[ENG] What to do about inflation?

The geopolitical and economic context as well as the resurgence of inflation challenge monetary and budgetary authorities more than it ever was for years if not decades. In this context, we publish the translation of an op-ed by Alain Grandjean, president of the Fondation pour la Nature et l’Homme”, pointing at the risks of flawed policy decisions and suggesting some solutions to face the current challenges without endangering the overarching objective of a just transition.

The original column was published on the website of the French newspaper Le Monde.

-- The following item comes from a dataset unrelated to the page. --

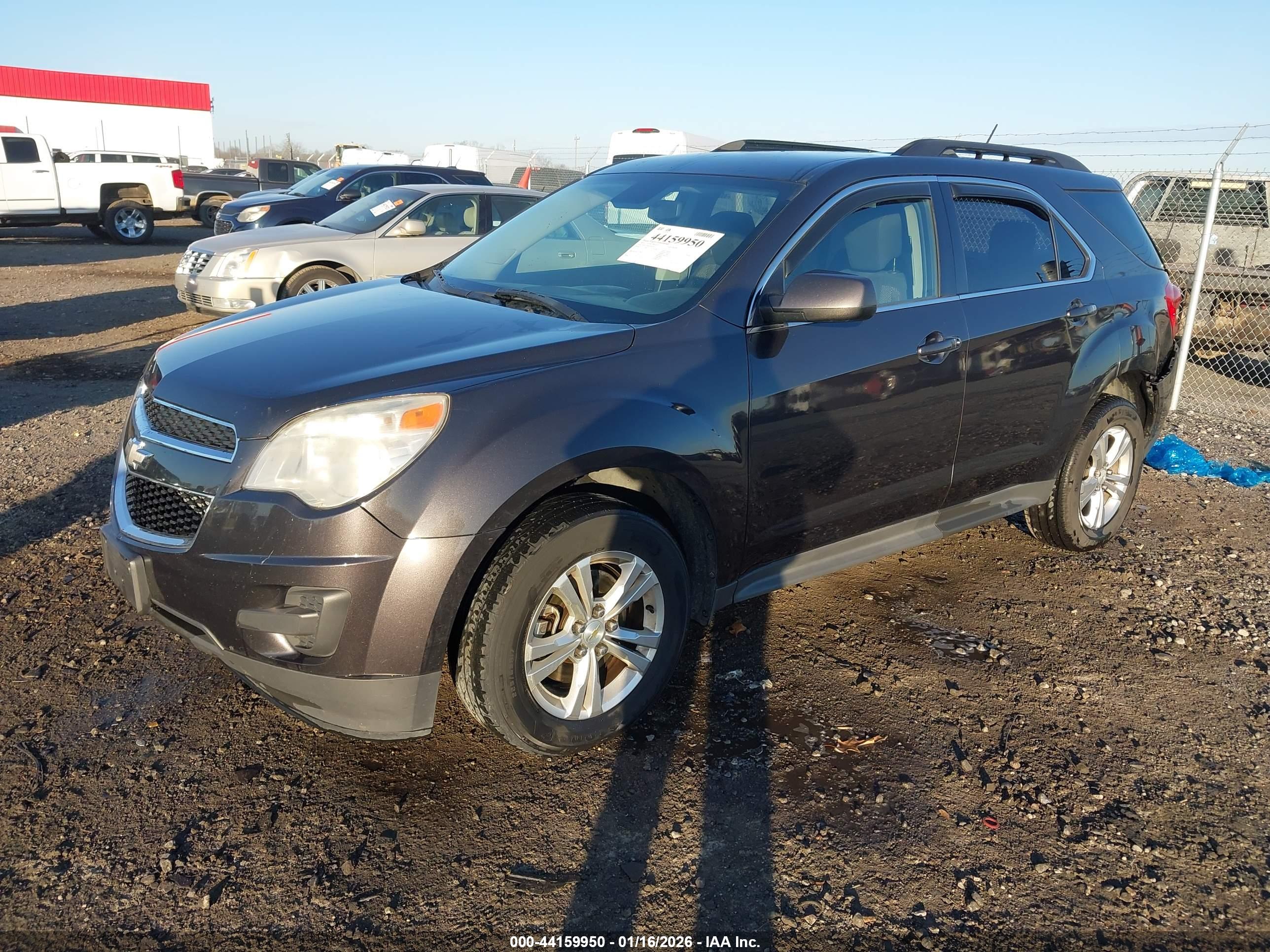 CHEVROLET EQUINOX image 2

Thanks to Alain Grandjean and Le Monde for their authorization.

What to do about inflation?

The resurgence of inflation after decades of price stability rightly raises concerns about household purchasing power and financial stability. An inappropriate policy response could also jeopardise the energy transition. We propose here some leads for action to avoid these pitfalls.

The resurgence of inflation in Europe

Price increases are back in our economic landscape. At the end of March the rate of increase amounted to 5.1% in France and 7.4% on average in the euro zone, compared with 1.4% and 1.3% respectively a year ago. This increase is largely due to external causes beyond the control of governments and European central banks.  It is also very uncertain whether these causes are reversible or not.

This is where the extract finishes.